**INSTRUCTIONS FOR THE TASK:** Nothing but the lines from the first line of the records through the line with "Inviting outdoor space" should be output, exactly as written and free of pictures.

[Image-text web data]
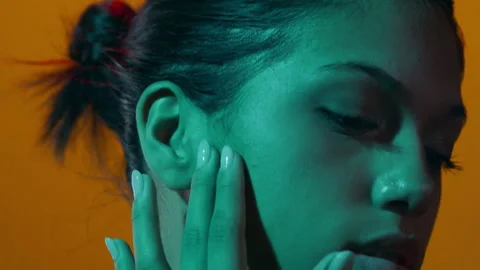 Beauty model in cyan gel light slides fingers up cheek Stock-Footage 337133873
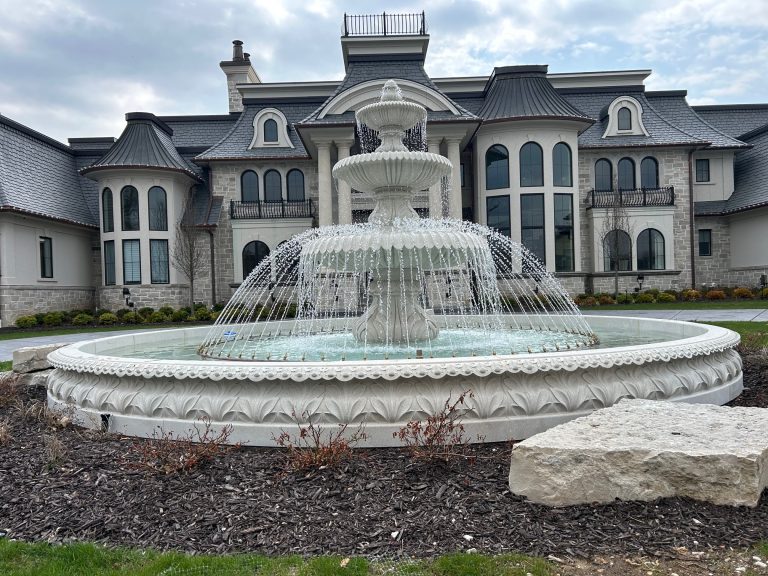 This is an example of an acatnhus relief carved pool surround with a tiered fountain and copper spray ring.
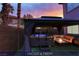 Inviting outdoor space featuring a jacuzzi under a gazebo and a cozy firepit with comfortable seating at 4712 Stavanger Ln, Las Vegas, NV 89147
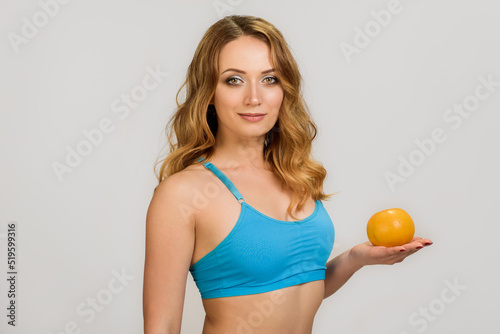 Portrait of attractive sportive young girl holding orange on palm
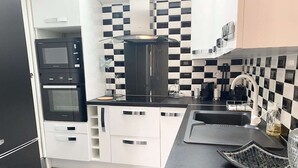 Eine moderne Küche mit schwarz-weißer Schachbrettfliesenrückwand, Edelstahlgeräten und weißen Schränken.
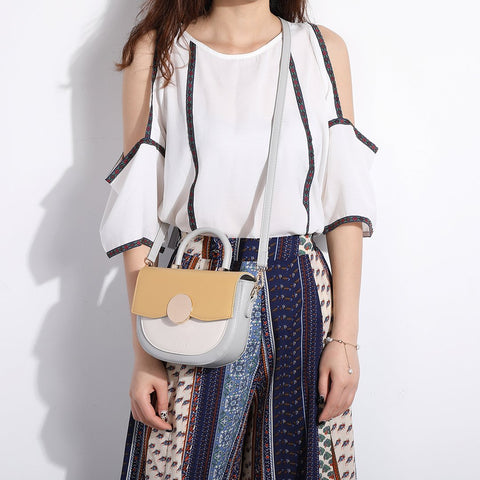Circular hardware flap colourblock PU leather crossbody bag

**ANSWER SPACE:**
 Beauty model in cyan gel light slides fingers up cheek Stock-Footage 337133873
 This is an example of an acatnhus relief carved pool surround with a tiered fountain and copper spray ring.
 Inviting outdoor space featuring a jacuzzi under a gazebo and a cozy firepit with comfortable seating at 4712 Stavanger Ln, Las Vegas, NV 89147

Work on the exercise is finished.